Les années 1560-1570 furent marquées par une formidable augmentation des prix que l’on impute à la question monétaire. À travers le royaume, de nombreux penseurs publièrent leurs réflexions sur la monnaie. Parmi les plus fameux, l’histoire a retenu Les paradoxes du seigneur de Malestroict sur le faict des monnoyes, publiés en 1566, et La réponse de Jean Bodin à propos de la monnaie et de l’enrichissement de toute chose et le moyen d’y remédier, publié en 1568.
Ces ouvrages influencèrent la Couronne, la cour des monnaies et les états généraux qui, en 1577, promulguèrent une série d’ordonnances visant à réformer en profondeur le système monétaire français.
Les dérèglements monétaires
En 1562-1563, de 1571 à 1573 puis de 1585 à 1588, le prix des céréales et du pain augmenta très fortement. Or, ces chertés du blé n’étaient pas dues à de mauvaises récoltes ou aux désordres militaires, mais à la dégradation de la situation monétaire.
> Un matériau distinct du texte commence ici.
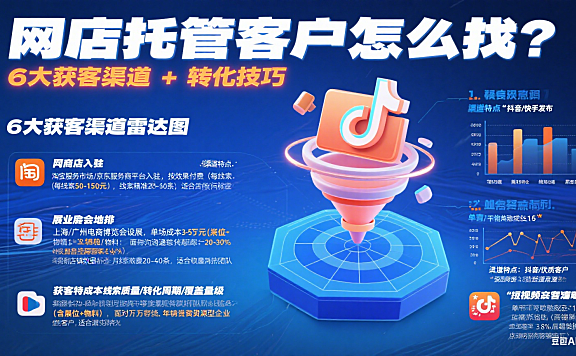 网店托管客户怎么找？6 大获客渠道 + 转化技巧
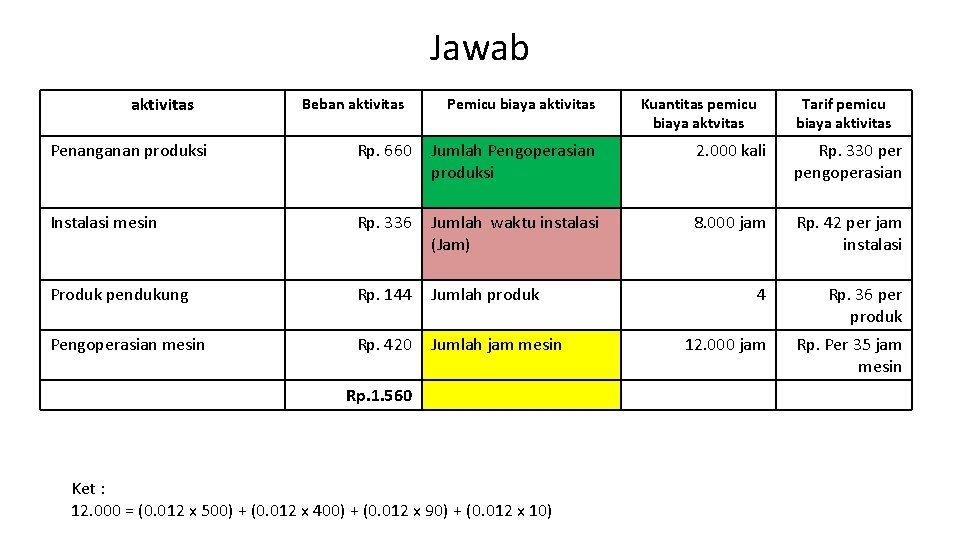 Jawab aktivitas Beban aktivitas Pemicu biaya aktivitas Kuantitas pemicu biaya aktvitas Tarif pemicu biaya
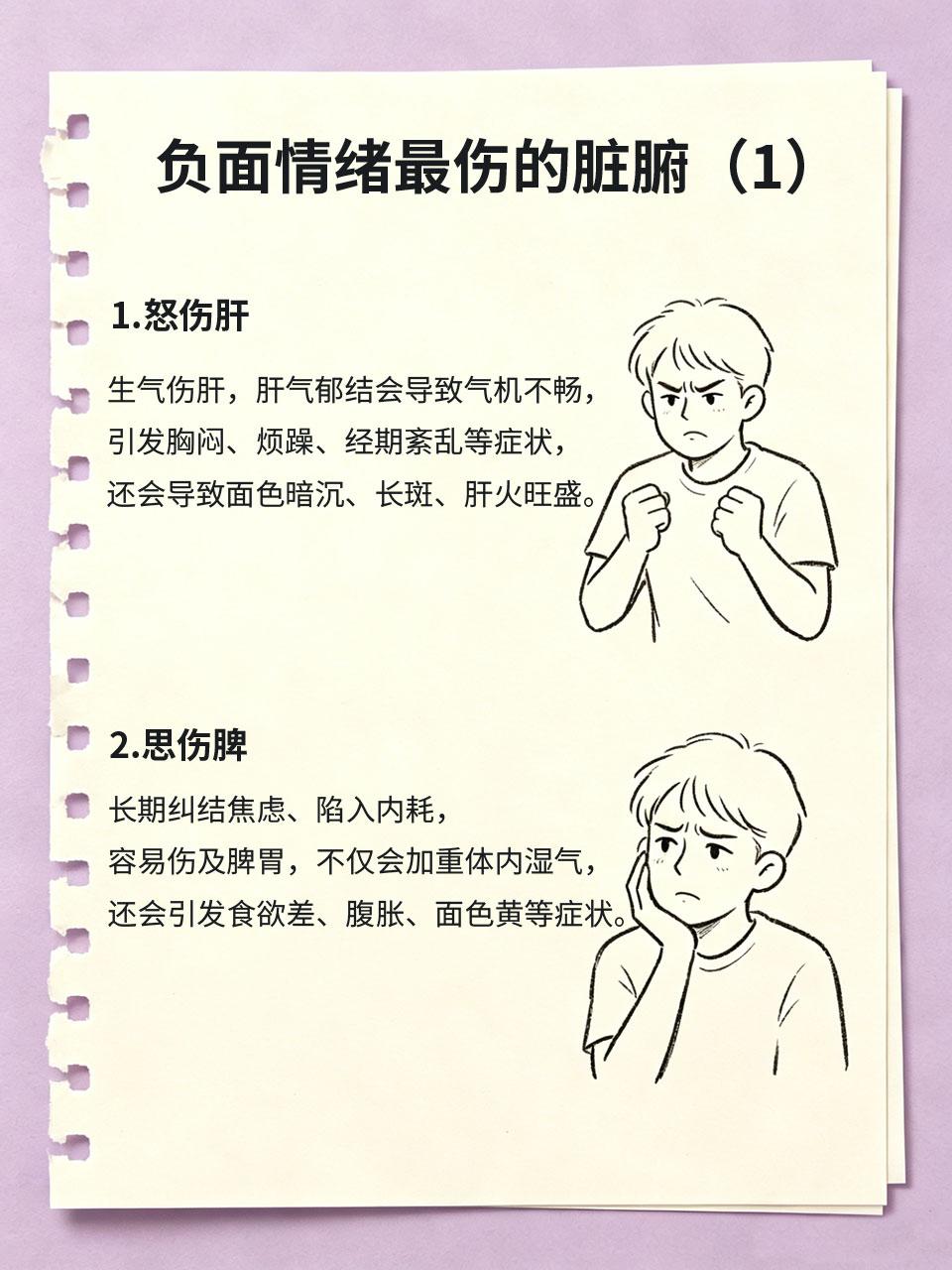 中医视角看情绪，负面情绪最伤这几个脏腑中医讲究“情志伤脏腑”，情绪不仅影响心态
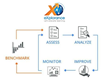 Blue Was Selected As the Standard Assessment Tool for Learning in a...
En effet, les cours légaux des monnaies avaient été rehaussés, de plus en plus fréquemment, afin de suivre le mouvement du cours dit « volontaire », c’est-à-dire celui auquel les marchands, banquiers et changeurs acceptaient effectivement les pièces. C’est ainsi qu’entre 1560 et 1571, le cours volontaire de l’écu passa de 46 à 54 sols. La différence entre le cours théorique légal, ordonné par le Roi, et la valeur réellement pratiquée par certains marchands devint telle qu’au début des années 1560, la question de l’inflation conduisit le monarque à solliciter l’avis d’un conseiller de la chambre des comptes : Jean de Malestroit. La situation, déjà difficile, se dégrada encore à partir de 1574 et devint particulièrement tendue à la fin de l’année 1576, au moment où s’engageait la réunion des états généraux. Le cours légal de l’écu d’or passa alors de 54 à 60 sols, mais on l’acceptait même à 66 sols.
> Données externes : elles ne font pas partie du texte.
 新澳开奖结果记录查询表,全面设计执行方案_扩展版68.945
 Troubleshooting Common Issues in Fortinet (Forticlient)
Une crise qui ne cesse de se démultiplier
En 1577, la crise s’intensifia encore, notamment durant l’été. En certains lieux du royaume, les cours volontaires de l’écu s’envolèrent jusqu’à 100 sols, peut-être 120, voire 145 sols. La Couronne était incapable de réguler le cours de la monnaie d’or. Celui-ci était alors clairement dicté par les seuls spéculateurs, qui étaient aussi parfois les créanciers du monarque. La fragilité du Roi face aux banquiers et aux changeurs était telle que les autorités royales furent parfois conduites à tolérer l’usage d’un prix supérieur au cours légal pour leurs propres opérations, ceci afin de respecter leurs engagements financiers… Bien sûr, cette inflation du cours volontaire touchait aussi la monnaie d’argent, le teston.
Derrière la question des cours de l’écu d’or et du teston d’argent se cache le problème plus important du rapport or / argent, qui structurait tout le système. Durant les années qui précédèrent 1577, les ratios officiels entre or et argent sous-évaluaient traditionnellement l’or : le ratio évolua ainsi de 11,59 à 12,52 entre 1561 et 1572 puis de 11,13 à 12,66 entre 1573 et 1576.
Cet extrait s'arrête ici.